Friday 22 April 2016

Rodman Hall Show

   When I went round the Rodman Hall show at NAC on April 21 2016, Steve Remus, who was showing me round, had to explain to me that each exhibit in the show was a comment on Brock University's move to withdraw from its commitment to support Rodman Hall as a public art gallery for at least 20 years.  These comments were all so subtle that they simply could not be heard by ears used to the loud voices of commercial advertising or indeed to the cutthroat competition  that goes on in any modern university for status, recognition and grants.  So it is highly unlikely that they will be heard by the Brock administrators who are making this decision.
 
   They are certainly not being heard by the general public in spite of the fact that this show was featured in an article in the "St. Catharines Standard."  When I mentioned this move to some friends who are quite lively and aware, they were astonished.  They had no idea of it.  In spite of its appearance in the local newspaper, the news that Rodman Hall, after having been a real centre in St. Catharines for the visual arts, will probably be obliterated, seems very much a private affair between the artistic community and the university.

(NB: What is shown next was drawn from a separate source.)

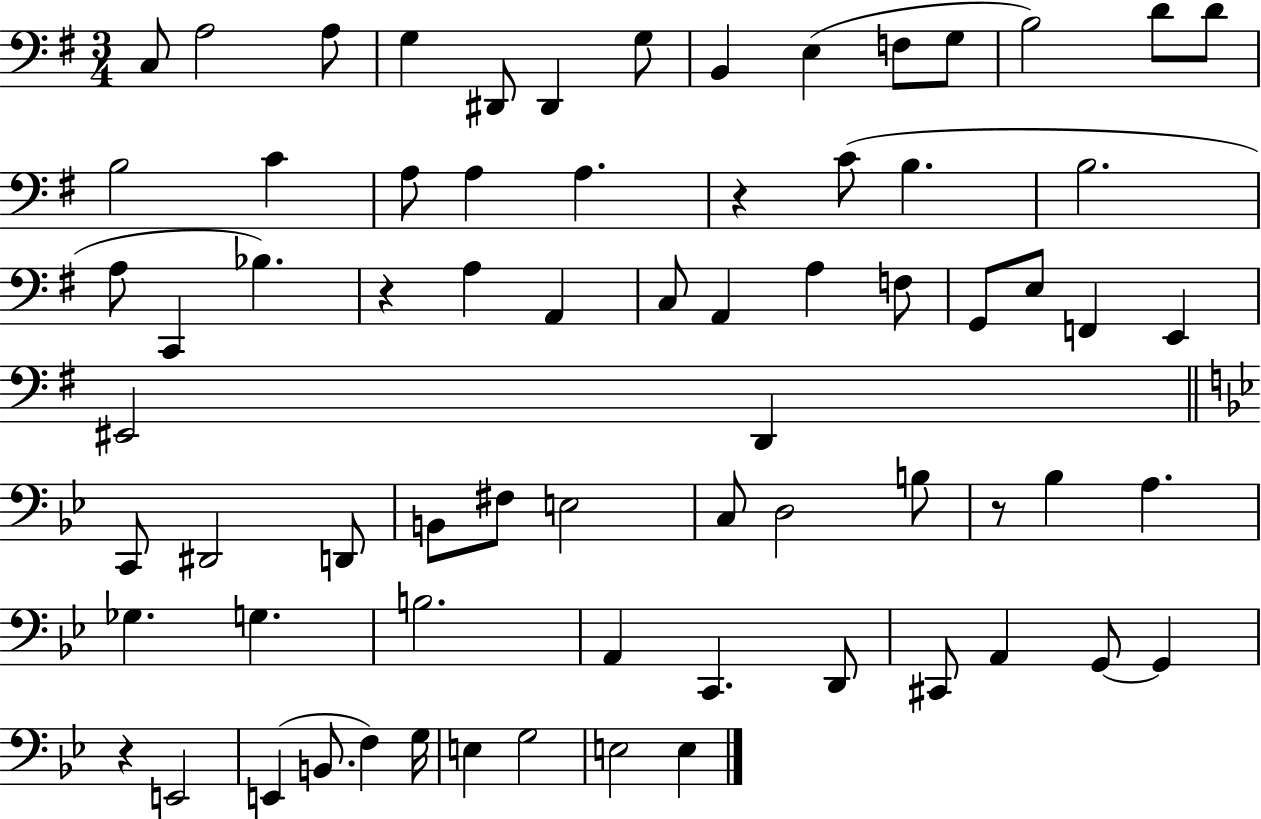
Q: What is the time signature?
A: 3/4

   I am tempted to speak in the voice of a child and say "The Emperor has no clothes."  But that would be futile when Brock dresses up so much as a patron of the arts and spends so much money to do so.  The projected move will probably go forward with nothing being broken but a few hearts and a few careers and at least part of the future of the visual arts in Niagara.  An important pillar of the cultural community will have been removed with really very little fuss or embarrassment. 

   I feel this shows how little genuine creativity for its own sake is valued in the modern world.  We chiefly want commercial success.  And yet how badly we want creativity in our everyday lives.  Even a little creativity would suffice to save some people from the depression, the addiction, the various types of mental illness and the temptation to suicide which besets so many in the western world today.  Even such a minimal attempt to support the creative urge as keeping Rodman Hall going might be a finger in the dike against the flood of meaninglessness that threatens to engulf us. 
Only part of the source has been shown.